> [What is needed]:
Start to finish, retype the entries exactly while omitting the pictures.

(Short text fragments from websites)
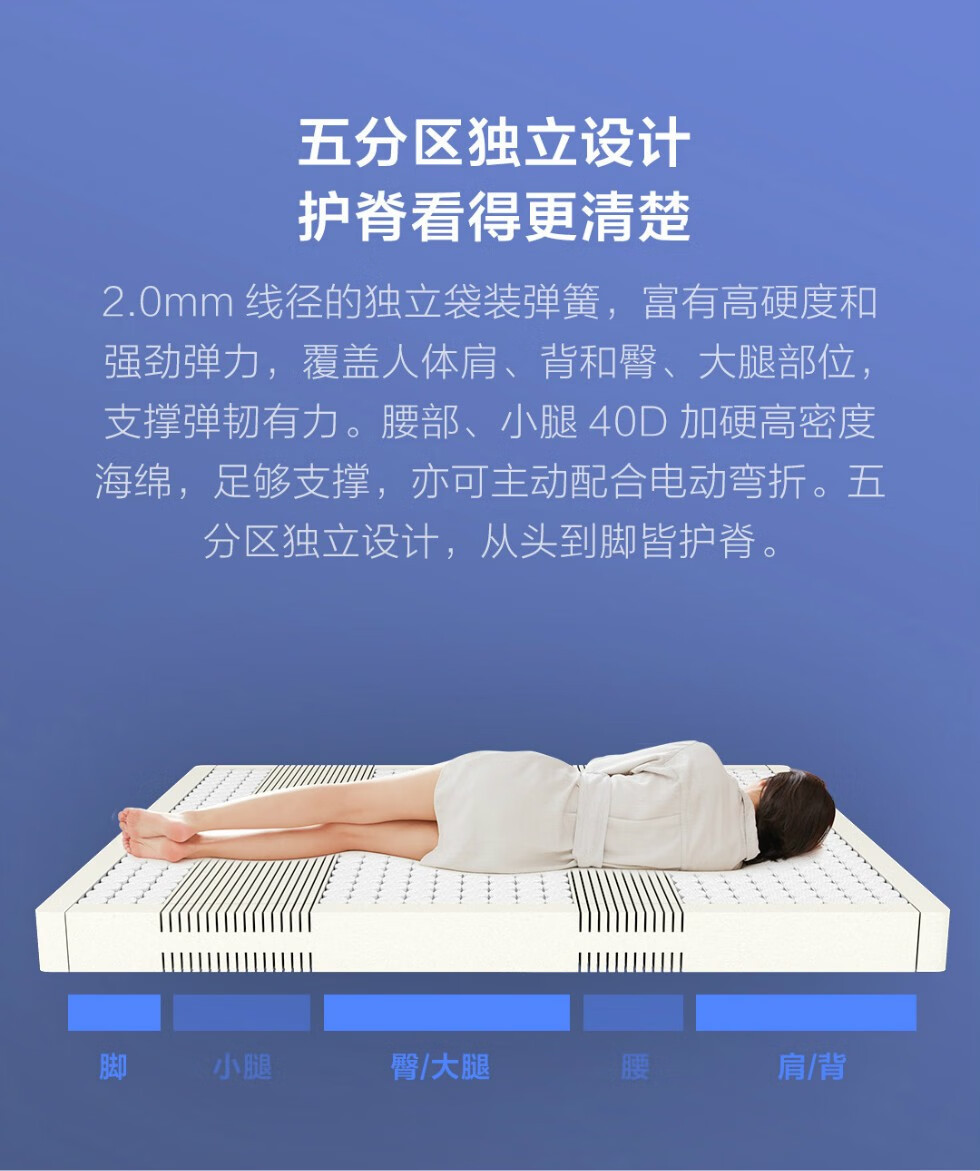 81.5米乳胶床垫 灵智蓝 150*200*20cm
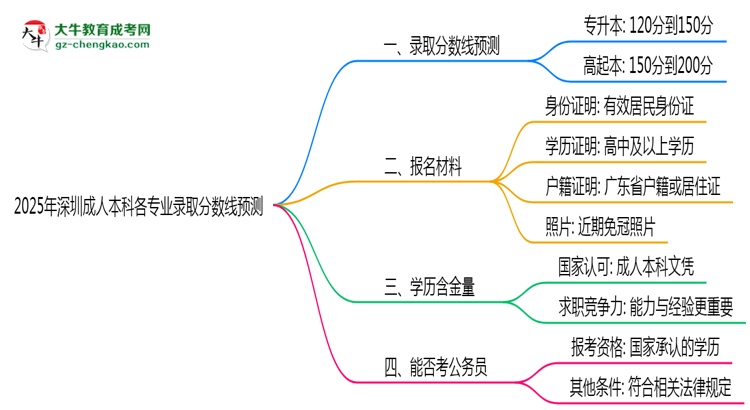 2025年深圳成人本科各專業(yè)錄取分?jǐn)?shù)線預(yù)測思維導(dǎo)圖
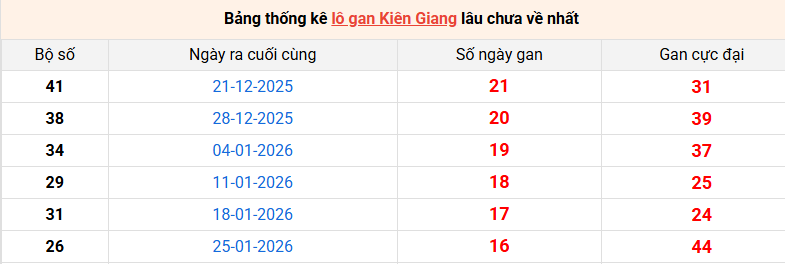 lo-gan-kien-giang-ngay-24-5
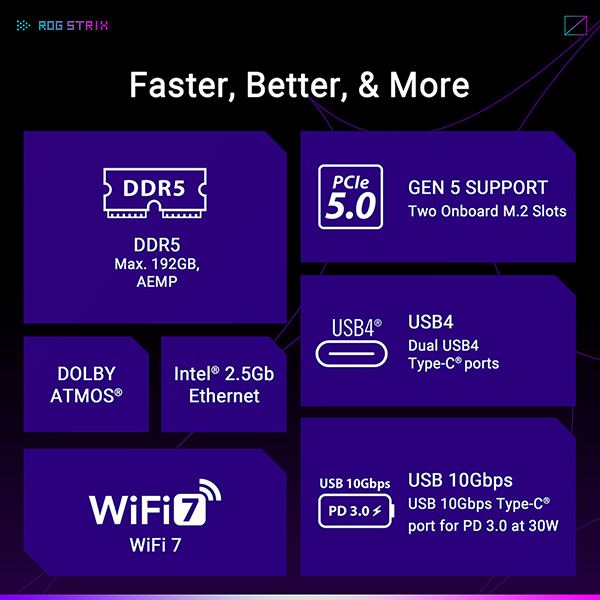 ASUS ROG STRIX X870-A GAMING WIFI 主機板(MB-BX87SAW)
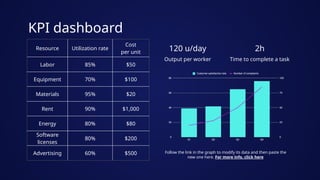 KPI dashboard
Resource Utilization rate
Cost
per unit
Labor 85% $50
Equipment 70% $100
Materials 95% $20
Rent 90% $1,000
Energy 80% $80
Software
licenses
80% $200
Advertising 60% $500
120 u/day 2h
Output per worker Time to complete a task
Follow the link in the graph to modify its data and then paste the
new one here. For more info, click here
 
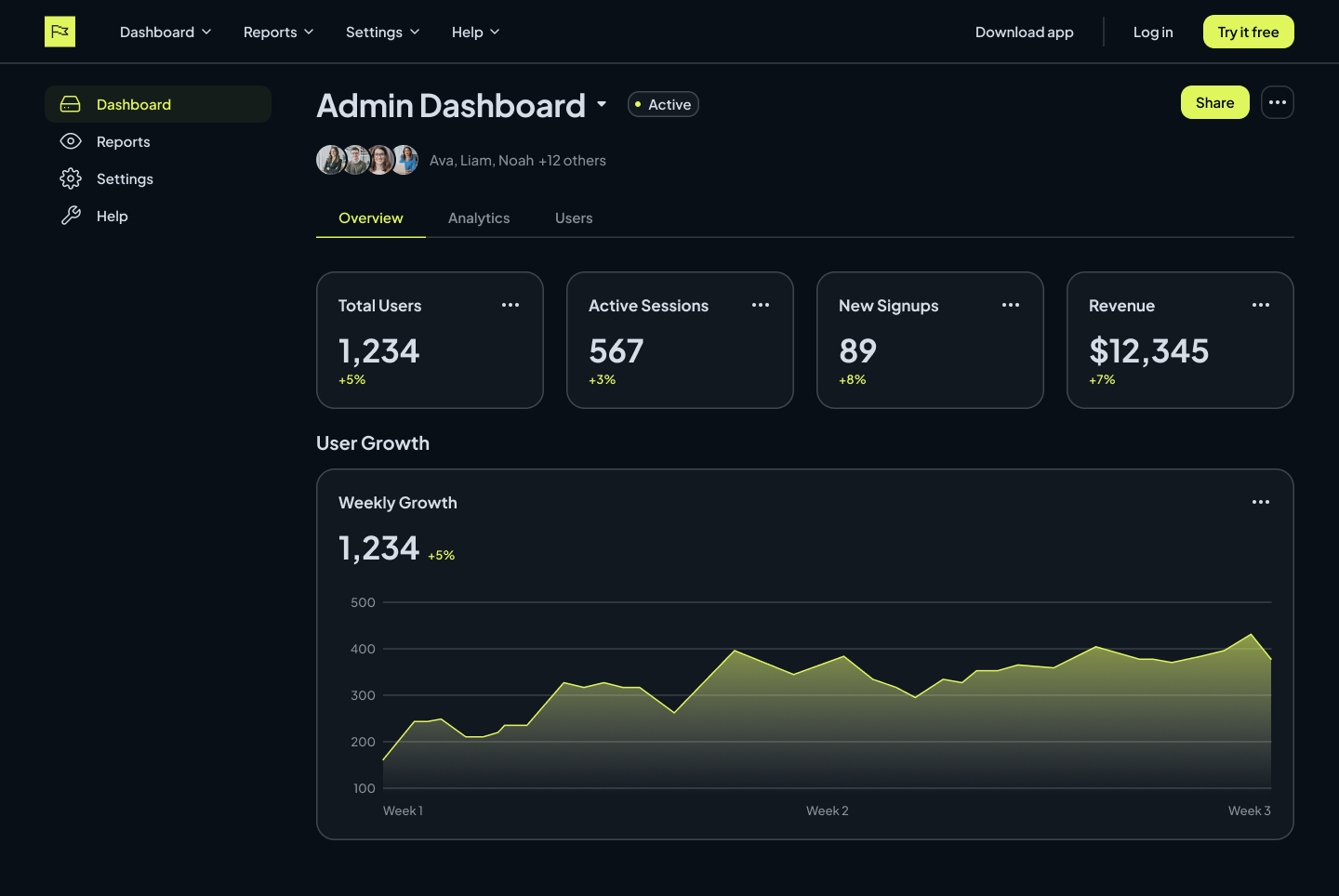Dark-themed analytics dashboard showing financial metrics and a line graph with an upward trend in green and gray colors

> [Final answer]:
 81.5米乳胶床垫 灵智蓝 150*200*20cm
 2025年深圳成人本科各專業(yè)錄取分?jǐn)?shù)線預(yù)測思維導(dǎo)圖
 lo-gan-kien-giang-ngay-24-5
 ASUS ROG STRIX X870-A GAMING WIFI 主機板(MB-BX87SAW)
 KPI dashboard
Resource Utilization rate
Cost
per unit
Labor 85% $50
Equipment 70% $100
Materials 95% $20
Rent 90% $1,000
Energy 80% $80
Software
licenses
80% $200
Advertising 60% $500
120 u/day 2h
Output per worker Time to complete a task
Follow the link in the graph to modify its data and then paste the
new one here. For more info, click here
 
Dark-themed analytics dashboard showing financial metrics and a line graph with an upward trend in green and gray colors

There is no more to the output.